ByT5: Towards a token-free future with pre-trained byte-to-byte models
This has a tantalizing proposal of a byte-level model that does away with the tokenizer.
- What’s new in the paper?
- Do you have a clear overview about what the paper is all about?
The paper is arguing that there should be serious reconsideration to token-free models because there are many benefits to them:
- Any language out of the box
- robust to noise
- remove complexity
- less sensitive to spelling
In this paper, we show that a standard Transformer architecture can be used with minimal modifications to process byte sequences.
This could prove to be a very valuable find, because although in some cases tokenizers can be simply used, in others they add complexity that ultimately causes issues. It would also be cool to have inline translation if the model is able to ingest per character representations.
3. Look at the images and extract a set of “questions” about what is not clear about their method from the images. Now your job is to answer these questions by reading the paper.
Fig1 shows the differences between using SentencePiece and UTF-8 Encoding.
One thing they show is they adjust the relative sizes of the Encoder and Decoder Transformers. This makes sense after consideration, because the relationship between letters is more complex than the relationship between higher order word pieces.
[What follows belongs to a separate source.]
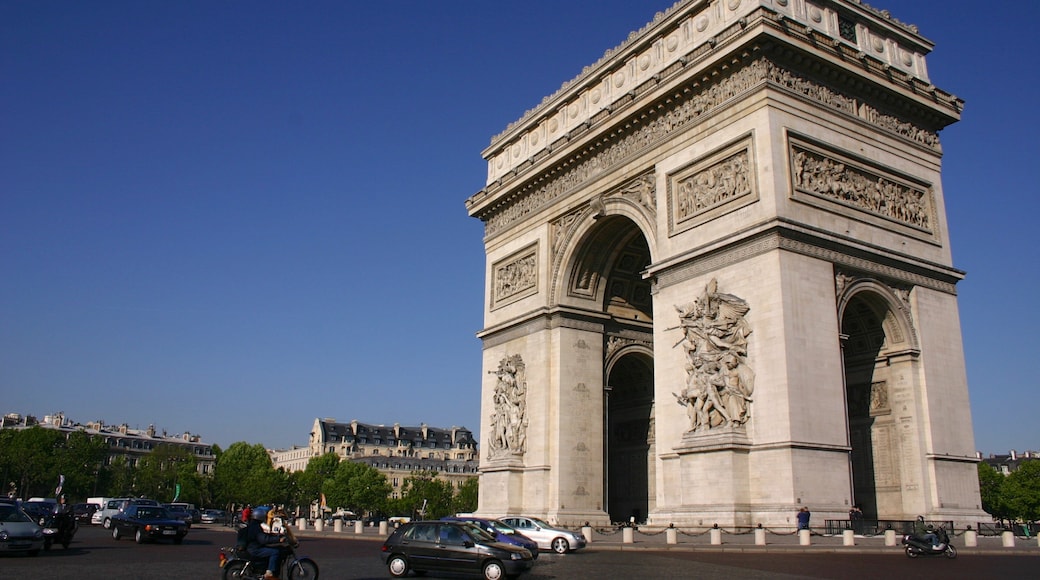 凱旋門 表示 スカイライン, 記念建造物 と 都市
Another surprising thing to me is they mask in the middle of a word. This may give stronger representations because the model has to predict quite fine outputs.
One question that always has to be asked with Google papers is if this is tractable to the rest of the world. In related work they cite:
© we explore the effect of model scale, training models beyond 10 billion parameters.
4. Read the method aiming to answer your “questions” about the paper. Focus on understanding only the things relevant for the story (i.e., to understand the contribution).
We expect ByT5 will be particular useful for tasks operating on short-to-medium length text sequences (a few sentences or less), as these will incur less slowdown in fine-tuning and inference.
It seems they are OK with working with shorter sequences. This is reasonable, because there are many tasks that require working with only shorter sequences. Thus it seems reasonable that tokenizers will be around for a while until we are able to have much more compute, and find architectures that model long term dependencies efficiently.
The model can be understood by a few key points:
- The input is simply UTF-8 Encoded Bytes
- The depth of the encoder is decoupled from the decoder.
- Pretrained on a masked span, not single token masking.
Table1 has a interesting insight that for multi-lingual models, the vocab embedding contributes a significant portion to the overall model size if the text is tokenized with pieces of words. However, on the flip side, using just a byte level representation, the embedding is much smaller.
5. Read the experiments to convince you that the show results are caused by their claim. Be aware that the experiments highlighted are the best scenarios and are fully hyper-parameter tuned.
They show that ByT5 is mostly competitive with a Tokenized variant, but excels in smaller model sizes.
Also performs well on Text Generation Tasks:
Not all results are in favor of the ByT5. There are compute and latency concerns that make it slower than a tokenized version. ByT5 is anywhere from 1.1X to 1.25X more training data than mT5 and requires from 1.1X to 7.0X more time in inference mode.
6. Make sure you answered all your questions. Did the authors convince you that their story has the effect that they claim?
I think this is a great work at moving towards a future with tokenizers (as the put it). The advantages of character level representations is very appealing, and I hope the future lends more improvement on attention complexity and speed so character level models can be used easily.
I wonder if this model could benefit from using an ELECTRA pretraining objective? It will probably not improve performance, but make increase training efficiency.